Now it would be mine by conquest. I reached out to lay my hands on the throne's armrests, stood before the empty chair and shut my eyes and imagined spitting in Galdran's face.

_I will win this on my own. I will sit here, as king, without any right of blood, with no more right than Shevraeth, with no more right than the Count of Tlanth. And this throne will be just as much mine as if I had been the worthy son of a good king who ruled long and well and died in his sleep one night in his own age._

_I am glad I am not that worthy prince._

Behind me the door opened. I turned around.

"What—Flauvic!"

It was the Duke of Grumareth, panting and white-faced.

"Your mother's troups…they're fighting the King's men south of Orbanith. He—Shevraeth—he knew we were coming…"

"I should think that he did," I replied. "You can't have thought Vidanric would ignore such an obvious plot…" I let my words trail off. The Duke wrung his hands in terror.

"Came to warn you—it's too much to hope your family won't be taken—but we could escape—wait and show them we won't be beaten—" He smiled, looked slyly at me.

"You could be king with my help, boy."

Of course. Trying to salvage what he could. I smiled and raised my hand, the words of the spell on my lips.

"I am king now."

I spoke it them, and in that instant, when the magic roared through the palace, touching noble and servant, courtier and stable boy and chambermaid and spy, the Duke of Grumareth fell to his knees before the throne of Remalna.

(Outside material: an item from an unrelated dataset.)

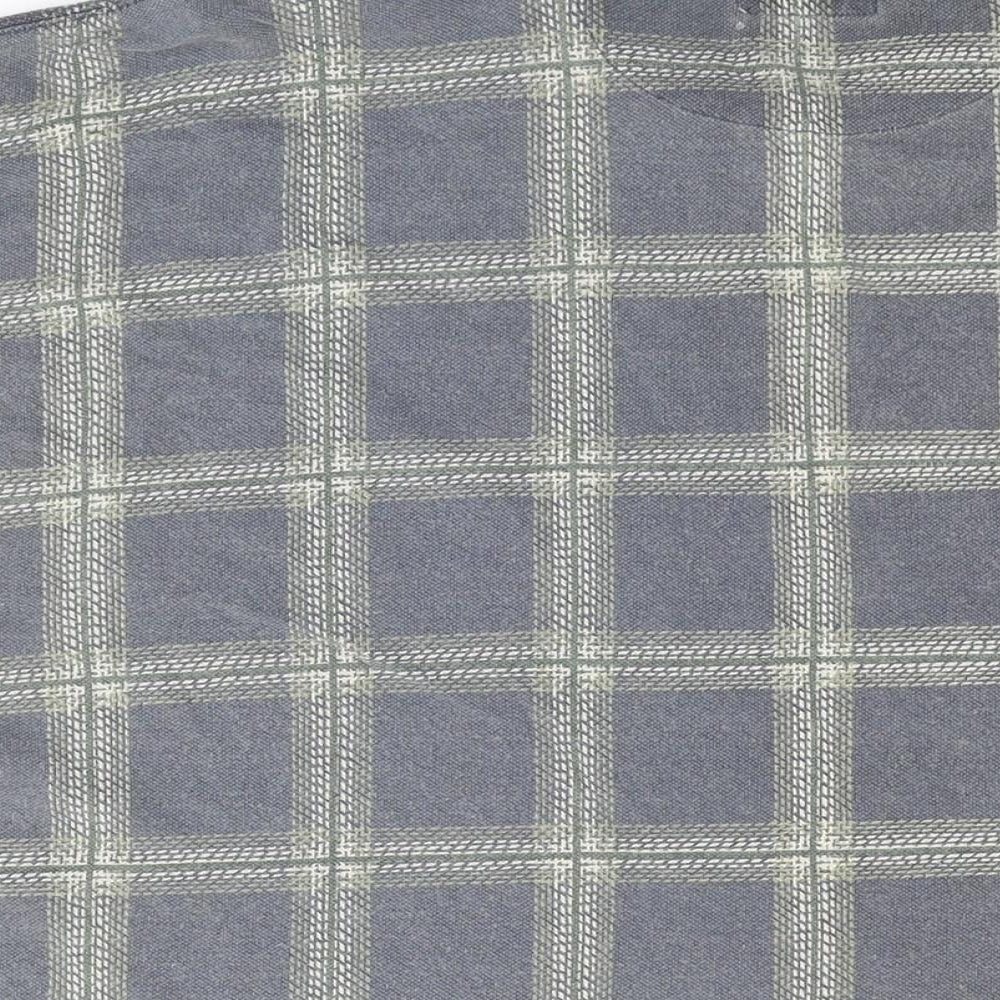 Global Tracking Mens Blue Plaid Cotton Polo Size L Collared Button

Pale, cold faces, hands the chill of death. Pleasant faces frozen in smiles, laughter, in a moment of doubt that stretched forever now. Athanarel was a palace of statues.

I was the only living thing within these walls. I was tired. I slept, and when I woke at sunset, I wandered to the kitchens myself to find food. No runners, no servants to fetch and carry or cooks to prepare meals.

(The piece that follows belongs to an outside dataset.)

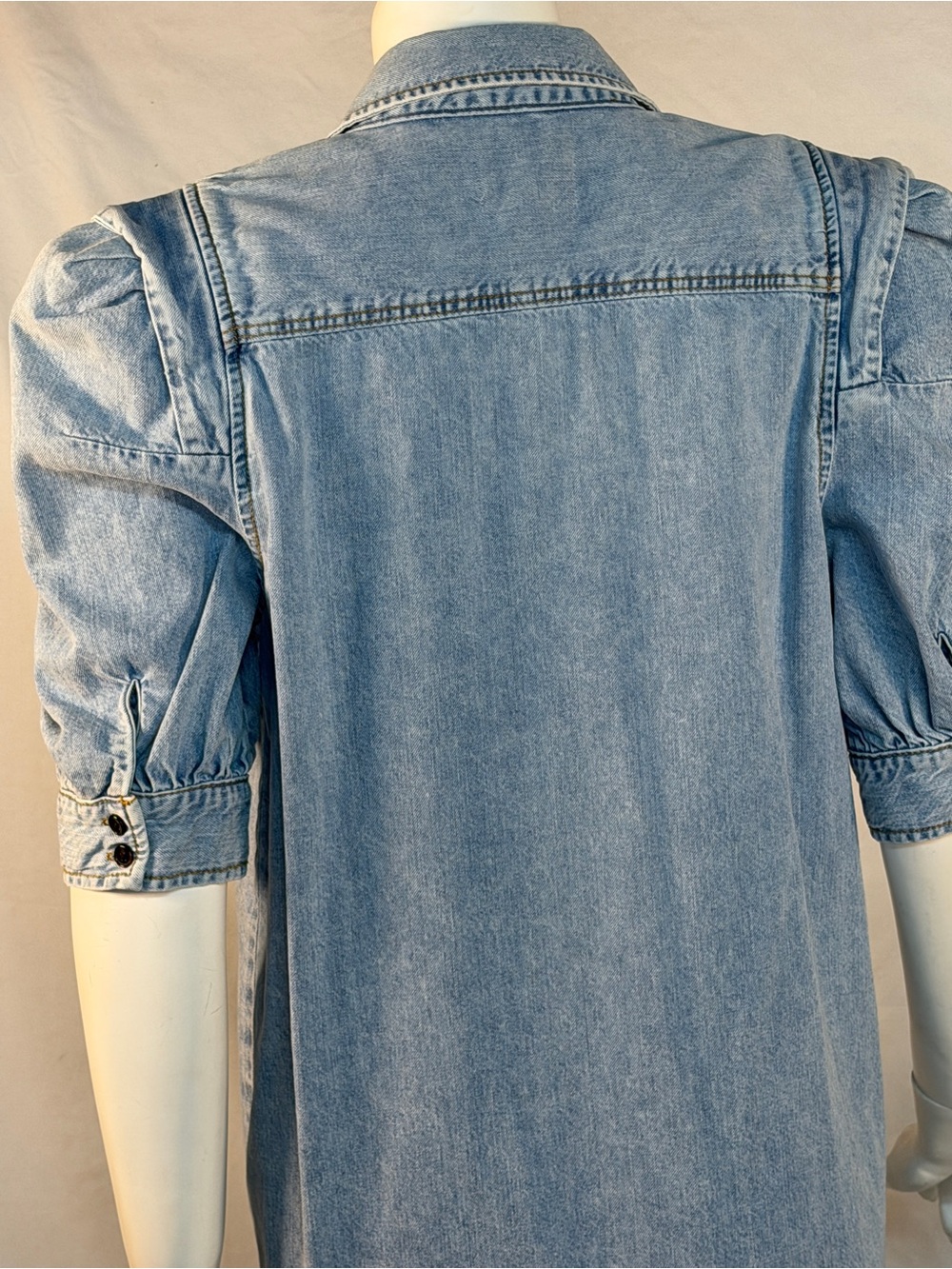 Frame Denim Light Blue Puff Sleeve Denim Shirt Dress - Picture 7 of 11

Pomp and finery, manners, schemes, desires, all come to nothing. Stone. A master sculptor's work. Cold as stone.

He came on the second day. My cousin Vidanric, former heir to the throne. I saw him in a mirror, a spell I had cast to show who came and went through Athanarel's front gate. No army rode behind him, but one little countess stood beside him as he entered.

I was sitting in the throne room. The sun was sinking red behind the palace's western wall.

The two stepped through the door, looked around in confusion. I waited until I knew that they both saw me.

"What took you so long, my dear cousin Vidanric?"

His face was blank, but I knew he was afraid. "Administrative details."

"For which I thank you," I said, half-bowing to him from the dais. "Tiresome details." I looked to Meliara, feigned surprise.

"Meliara. This is a surprise; I took you for a servant."

I'd expected a scowl; instead she grinned. "You have an objection to honest work?"

I smiled. Perhaps she'd recovered from her hatred of Shevraeth, but she hadn't changed. It was too much to hope that she'd still despise my cousin. I hadn't even known that she'd ridden with the army.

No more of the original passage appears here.